Faut-il préciser que le trajet sans escale entre Varsovie et Rio de Janeiro (environ 10 400 km) était hors de portée du RWD 11, dont l'autonomie n'était que de 800 km, même avec des réservoirs supplémentaires. Sa vitesse maximum ne dépassait pas, non plus, 500 km/h, comme annoncé, mais de 300 km/h au niveau de la mer. Sur la même ligne, les avions de l'Aéropostale faisaient plusieurs escales et pas seulement pour des raisons commerciales... En septembre 1939, le RWD 11 fut abandonné sur place, suite à un problème de train, et récupéré, plus tard, par les Allemands qui le réparèrent et l'emmenèrent en Allemagne, où il servit un temps sous les couleurs de la Luftwaffe, avant de disparaitre dans la tourmente.

Wicek se tue avec un petit RWD 10 (SP-BLR), offert à la LOPP avec un lot de vingt appareils du même type, le 26 septembre 1937. On voit, marqué sur le dos du fuselage : "Polskie K.K.O. II", ce qui laisserait entendre que cet avion fut offert par les caisses d'épargne municipales (KKO : Komunalnych Kas Oszczędności).
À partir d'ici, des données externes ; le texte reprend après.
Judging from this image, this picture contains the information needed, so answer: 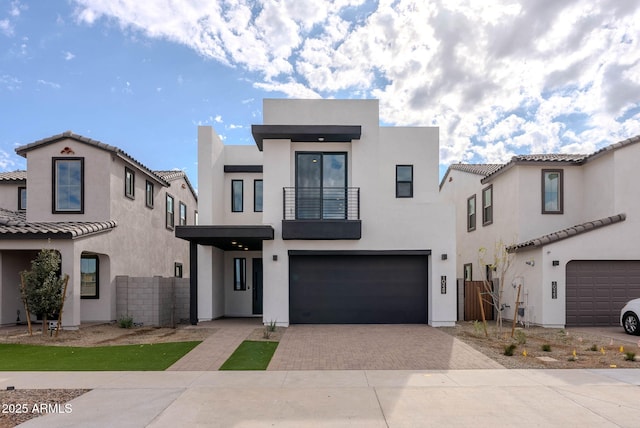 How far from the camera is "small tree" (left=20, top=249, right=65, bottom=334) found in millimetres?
13094

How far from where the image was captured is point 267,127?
1545cm

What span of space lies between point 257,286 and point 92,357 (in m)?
9.03

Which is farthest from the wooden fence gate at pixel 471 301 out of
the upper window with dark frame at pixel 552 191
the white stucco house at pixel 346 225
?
the upper window with dark frame at pixel 552 191

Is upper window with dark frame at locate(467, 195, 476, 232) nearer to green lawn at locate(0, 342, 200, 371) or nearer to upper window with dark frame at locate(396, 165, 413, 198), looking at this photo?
upper window with dark frame at locate(396, 165, 413, 198)

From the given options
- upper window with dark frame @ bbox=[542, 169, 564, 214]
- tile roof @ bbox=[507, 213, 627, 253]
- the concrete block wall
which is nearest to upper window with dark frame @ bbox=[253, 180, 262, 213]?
the concrete block wall

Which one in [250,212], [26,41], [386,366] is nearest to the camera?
[386,366]

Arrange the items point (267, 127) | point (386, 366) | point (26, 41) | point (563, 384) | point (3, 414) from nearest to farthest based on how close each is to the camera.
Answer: point (3, 414), point (563, 384), point (386, 366), point (26, 41), point (267, 127)

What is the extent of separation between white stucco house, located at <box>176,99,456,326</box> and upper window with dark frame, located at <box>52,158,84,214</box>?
4.70 meters

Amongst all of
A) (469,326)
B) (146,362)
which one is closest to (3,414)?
(146,362)

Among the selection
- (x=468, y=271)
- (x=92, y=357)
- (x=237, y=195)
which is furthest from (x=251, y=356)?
(x=468, y=271)

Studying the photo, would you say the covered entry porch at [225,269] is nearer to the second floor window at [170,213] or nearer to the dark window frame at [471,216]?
the second floor window at [170,213]

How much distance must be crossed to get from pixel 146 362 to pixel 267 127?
28.2ft

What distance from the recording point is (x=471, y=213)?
2291cm

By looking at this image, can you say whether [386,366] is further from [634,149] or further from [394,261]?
[634,149] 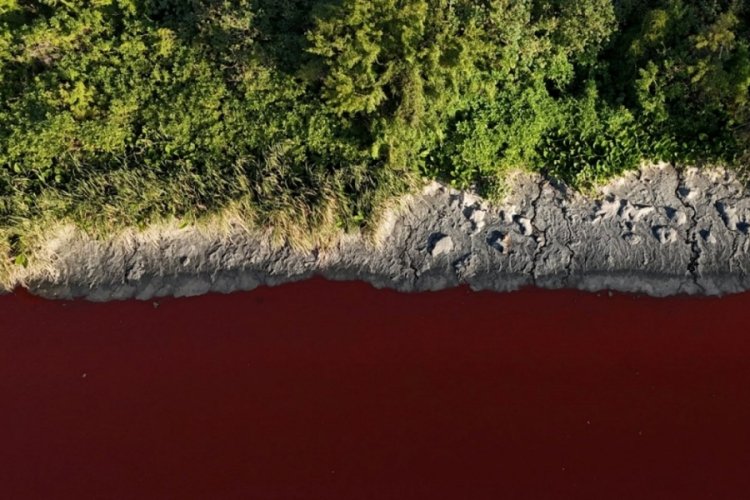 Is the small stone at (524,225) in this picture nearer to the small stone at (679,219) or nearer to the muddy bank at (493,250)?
the muddy bank at (493,250)

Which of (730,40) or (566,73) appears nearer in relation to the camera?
(730,40)

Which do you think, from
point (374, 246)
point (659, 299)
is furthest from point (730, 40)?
point (374, 246)

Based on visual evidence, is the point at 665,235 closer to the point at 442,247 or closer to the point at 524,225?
the point at 524,225

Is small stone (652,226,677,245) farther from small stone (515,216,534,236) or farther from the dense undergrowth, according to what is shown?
small stone (515,216,534,236)

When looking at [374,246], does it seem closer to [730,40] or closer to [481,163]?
[481,163]

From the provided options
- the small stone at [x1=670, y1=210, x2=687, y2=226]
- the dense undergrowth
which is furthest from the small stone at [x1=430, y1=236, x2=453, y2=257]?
the small stone at [x1=670, y1=210, x2=687, y2=226]

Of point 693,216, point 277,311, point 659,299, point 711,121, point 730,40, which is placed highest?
point 730,40

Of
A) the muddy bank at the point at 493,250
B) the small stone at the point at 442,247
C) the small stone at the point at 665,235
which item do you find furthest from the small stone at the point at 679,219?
the small stone at the point at 442,247
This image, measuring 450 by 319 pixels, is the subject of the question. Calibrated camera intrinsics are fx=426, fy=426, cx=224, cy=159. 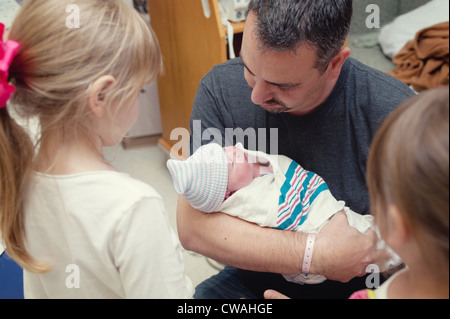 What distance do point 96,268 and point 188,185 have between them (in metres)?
0.33

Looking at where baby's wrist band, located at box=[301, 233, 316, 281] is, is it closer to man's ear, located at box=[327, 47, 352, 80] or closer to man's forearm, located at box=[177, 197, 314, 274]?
man's forearm, located at box=[177, 197, 314, 274]

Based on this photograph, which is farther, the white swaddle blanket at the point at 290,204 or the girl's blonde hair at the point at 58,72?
the white swaddle blanket at the point at 290,204

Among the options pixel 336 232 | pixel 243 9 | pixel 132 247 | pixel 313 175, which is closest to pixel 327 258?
pixel 336 232

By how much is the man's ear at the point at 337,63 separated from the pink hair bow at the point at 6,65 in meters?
0.68

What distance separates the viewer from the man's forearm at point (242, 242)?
3.12 feet

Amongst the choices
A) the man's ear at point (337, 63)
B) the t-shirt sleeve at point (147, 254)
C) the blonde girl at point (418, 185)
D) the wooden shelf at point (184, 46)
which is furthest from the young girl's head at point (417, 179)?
the wooden shelf at point (184, 46)

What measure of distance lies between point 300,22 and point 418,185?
0.51 meters

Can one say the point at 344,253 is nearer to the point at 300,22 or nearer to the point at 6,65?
the point at 300,22

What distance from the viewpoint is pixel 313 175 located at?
107cm

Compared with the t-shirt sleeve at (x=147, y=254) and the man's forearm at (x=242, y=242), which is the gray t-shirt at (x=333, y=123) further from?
the t-shirt sleeve at (x=147, y=254)

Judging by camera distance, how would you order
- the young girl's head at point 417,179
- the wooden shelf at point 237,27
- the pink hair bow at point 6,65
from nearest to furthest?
the young girl's head at point 417,179
the pink hair bow at point 6,65
the wooden shelf at point 237,27

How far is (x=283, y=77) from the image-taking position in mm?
974

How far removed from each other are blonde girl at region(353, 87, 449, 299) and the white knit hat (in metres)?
0.44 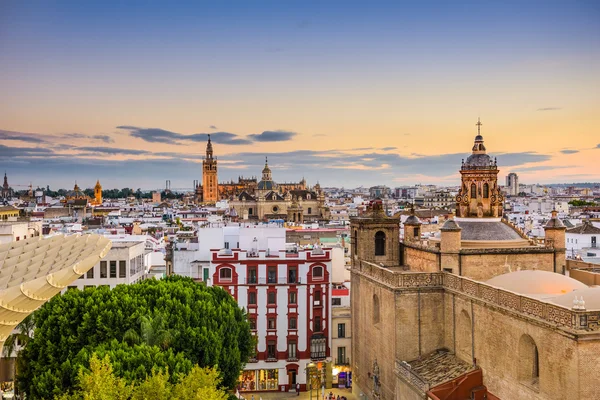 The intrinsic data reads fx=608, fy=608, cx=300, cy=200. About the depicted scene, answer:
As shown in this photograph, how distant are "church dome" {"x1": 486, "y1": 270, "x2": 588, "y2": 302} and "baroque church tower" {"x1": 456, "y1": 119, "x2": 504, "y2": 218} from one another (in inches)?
289

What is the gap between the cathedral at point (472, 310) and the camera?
20.2 meters

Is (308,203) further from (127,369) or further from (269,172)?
(127,369)

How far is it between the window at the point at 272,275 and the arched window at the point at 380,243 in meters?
7.36

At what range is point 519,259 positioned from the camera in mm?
30469

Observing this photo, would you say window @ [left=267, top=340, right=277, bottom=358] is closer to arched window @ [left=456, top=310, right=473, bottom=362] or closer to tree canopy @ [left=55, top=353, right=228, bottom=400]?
arched window @ [left=456, top=310, right=473, bottom=362]

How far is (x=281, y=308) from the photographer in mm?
39688

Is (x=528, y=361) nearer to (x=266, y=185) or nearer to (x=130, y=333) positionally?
(x=130, y=333)

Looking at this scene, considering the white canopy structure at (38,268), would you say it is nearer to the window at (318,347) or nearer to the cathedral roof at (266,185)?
the window at (318,347)

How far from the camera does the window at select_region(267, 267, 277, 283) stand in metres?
39.8

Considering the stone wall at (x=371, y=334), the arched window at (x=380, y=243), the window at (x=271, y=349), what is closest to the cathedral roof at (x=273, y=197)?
the window at (x=271, y=349)

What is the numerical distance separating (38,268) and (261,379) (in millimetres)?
21027

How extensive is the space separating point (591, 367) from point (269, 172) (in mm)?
141244

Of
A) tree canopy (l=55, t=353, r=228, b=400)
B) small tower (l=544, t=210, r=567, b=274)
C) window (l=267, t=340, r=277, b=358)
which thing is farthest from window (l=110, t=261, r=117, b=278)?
small tower (l=544, t=210, r=567, b=274)

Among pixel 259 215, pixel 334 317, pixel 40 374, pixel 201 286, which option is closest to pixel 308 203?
pixel 259 215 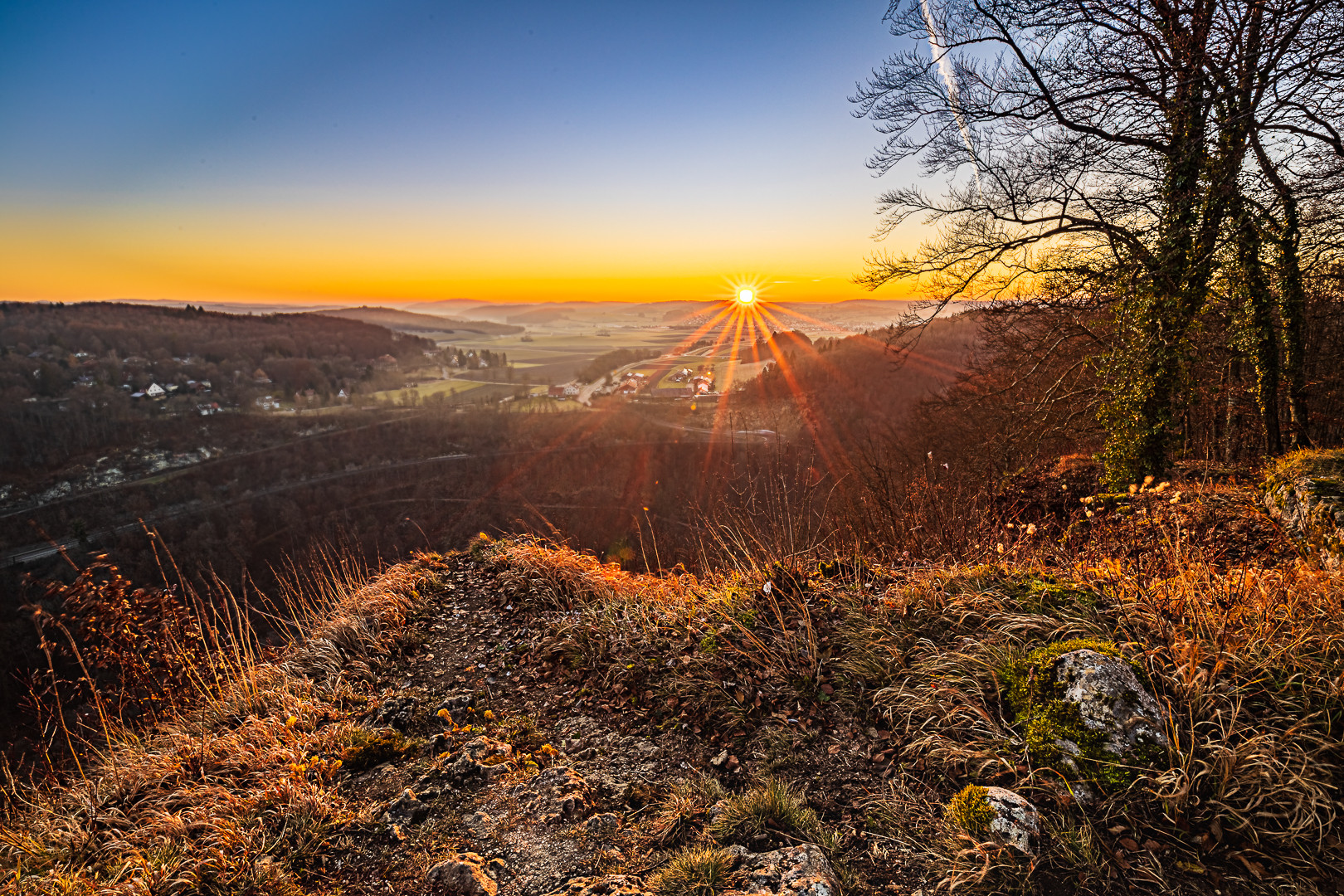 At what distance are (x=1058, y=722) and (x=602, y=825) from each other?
2.13 meters

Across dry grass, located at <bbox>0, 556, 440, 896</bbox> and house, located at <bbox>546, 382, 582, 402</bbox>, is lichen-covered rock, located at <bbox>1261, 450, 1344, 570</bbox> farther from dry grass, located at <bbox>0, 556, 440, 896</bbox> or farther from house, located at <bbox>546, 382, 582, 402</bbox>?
house, located at <bbox>546, 382, 582, 402</bbox>

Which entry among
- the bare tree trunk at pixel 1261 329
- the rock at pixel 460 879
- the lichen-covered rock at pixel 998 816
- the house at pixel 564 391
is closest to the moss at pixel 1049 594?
the lichen-covered rock at pixel 998 816

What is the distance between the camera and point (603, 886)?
2.14m

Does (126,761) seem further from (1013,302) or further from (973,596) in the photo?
(1013,302)

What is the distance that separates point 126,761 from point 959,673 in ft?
17.1

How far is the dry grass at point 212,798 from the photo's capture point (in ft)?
7.89

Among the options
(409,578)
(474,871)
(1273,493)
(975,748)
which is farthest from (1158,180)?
(409,578)

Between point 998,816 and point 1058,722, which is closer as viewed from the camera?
point 998,816

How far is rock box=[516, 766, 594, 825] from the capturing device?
2.63 m

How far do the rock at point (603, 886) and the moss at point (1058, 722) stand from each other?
1780 millimetres

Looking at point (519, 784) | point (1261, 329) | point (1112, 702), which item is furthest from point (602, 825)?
point (1261, 329)

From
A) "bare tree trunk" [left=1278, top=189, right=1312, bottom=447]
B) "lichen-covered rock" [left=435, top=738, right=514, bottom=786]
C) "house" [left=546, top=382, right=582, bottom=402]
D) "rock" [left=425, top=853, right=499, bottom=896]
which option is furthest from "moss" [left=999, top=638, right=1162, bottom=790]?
"house" [left=546, top=382, right=582, bottom=402]

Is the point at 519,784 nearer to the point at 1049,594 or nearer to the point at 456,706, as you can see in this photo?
the point at 456,706

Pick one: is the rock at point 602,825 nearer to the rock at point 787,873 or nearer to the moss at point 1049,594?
the rock at point 787,873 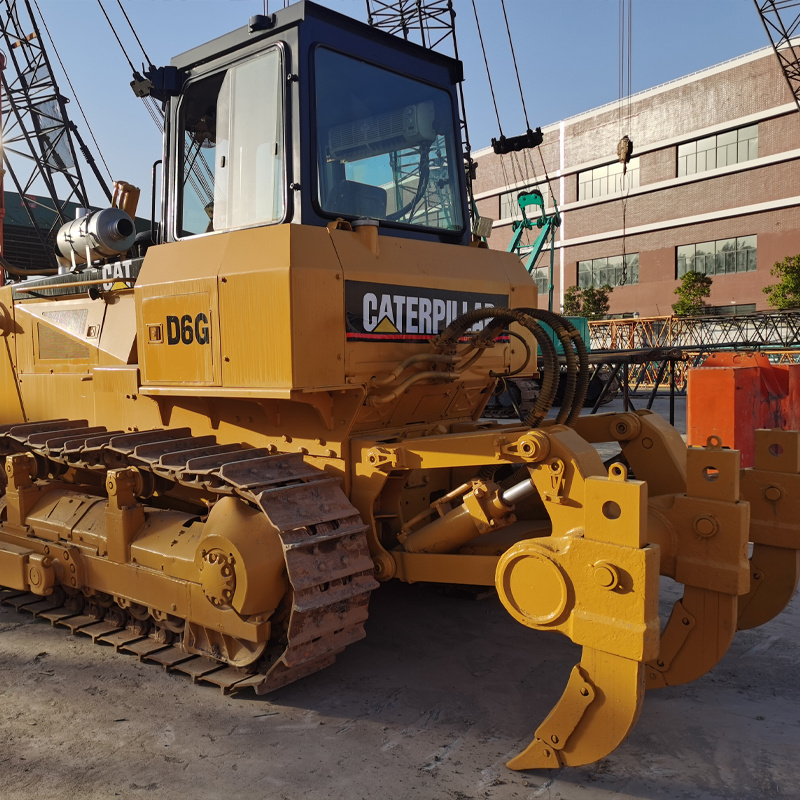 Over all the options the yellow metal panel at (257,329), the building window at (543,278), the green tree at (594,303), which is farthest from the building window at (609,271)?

A la film du film, on assiste à une envolée de chasseurs PZL P.11 qui vont escorter le RWD 11, de retour de son périple victorieux. On remarque, entre autres, le n° 2, portant l'insigne de la 111 Eskadra Mysliwska. Si Le P.11 était, en 1934, au moment de sa mise en service, considéré comme le chasseur le plus avancé au monde, en 1938, il était déjà totalement dépassé et ne sera pas un adversaire sérieux pour les Bf.109E de la Luftwaffe, deux ans plus tard.